CVE-2024-44085: 
Homebrew vulnerability analysis and mitigation

ONLYOFFICE Docs before version 8.1.0 contains a Cross-Site Scripting (XSS) vulnerability that allows attackers to execute arbitrary JavaScript code via a GeneratorFunction Object attack against a macro. This vulnerability exists due to an incorrect fix for previous vulnerabilities CVE-2021-43446 and CVE-2023-50883, and is related to the use of an immediately-invoked function expression (IIFE) for a macro (NIST NVD, SySS Advisory).

The vulnerability stems from improper sandboxing and sanitizing of user input in the macro function. Macros are defined as immediately invoked function expressions (IIFE) in the form (function(){})(). While the application attempts to sandbox the IIFE using JavaScript's eval() function, the sandbox can be escaped by directly calling the constructor of the GeneratorFunction object. This object executes in the global scope, thereby bypassing the local scope restrictions of the sandboxing method (SySS Advisory). The vulnerability has been assigned a CVSS v3.1 Base Score of 6.1 MEDIUM (Vector: CVSS:3.1/AV:N/AC:L/PR:N/UI:R/S:C/C:L/I:L/A:N) (NIST NVD).
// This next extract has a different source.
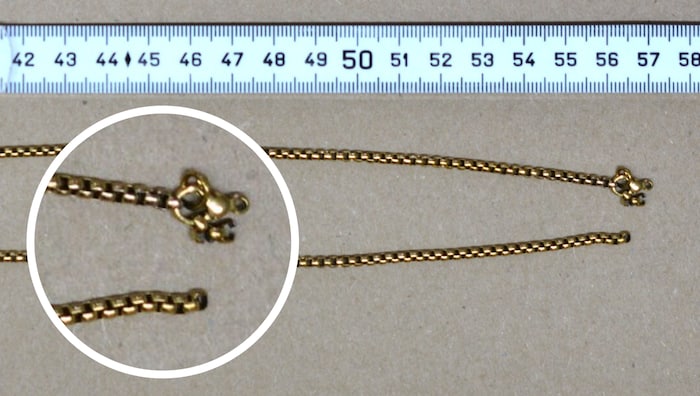 Diese massive, abgerissene Goldkette wurde im Zuge der Ermittlungen gefunden. Wem gehört sie?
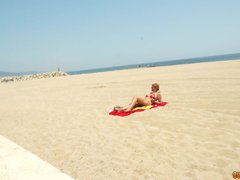 Grosse titten, Blondine, Vollbusig, Aufs gesicht abspritzen, Hardcore, Reif, Milf, Mutti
When successfully exploited, this vulnerability allows attackers to execute arbitrary JavaScript code in the context of the victim's session. This could potentially lead to theft of sensitive information, session hijacking, or other malicious actions within the user's browser context (SySS Advisory).

The vulnerability has been fixed in ONLYOFFICE version 8.1.0. Organizations using affected versions should update to version 8.1.0 or later. Alternatively, administrators can remove or disable the macro plug-in feature as a temporary workaround (SySS Advisory).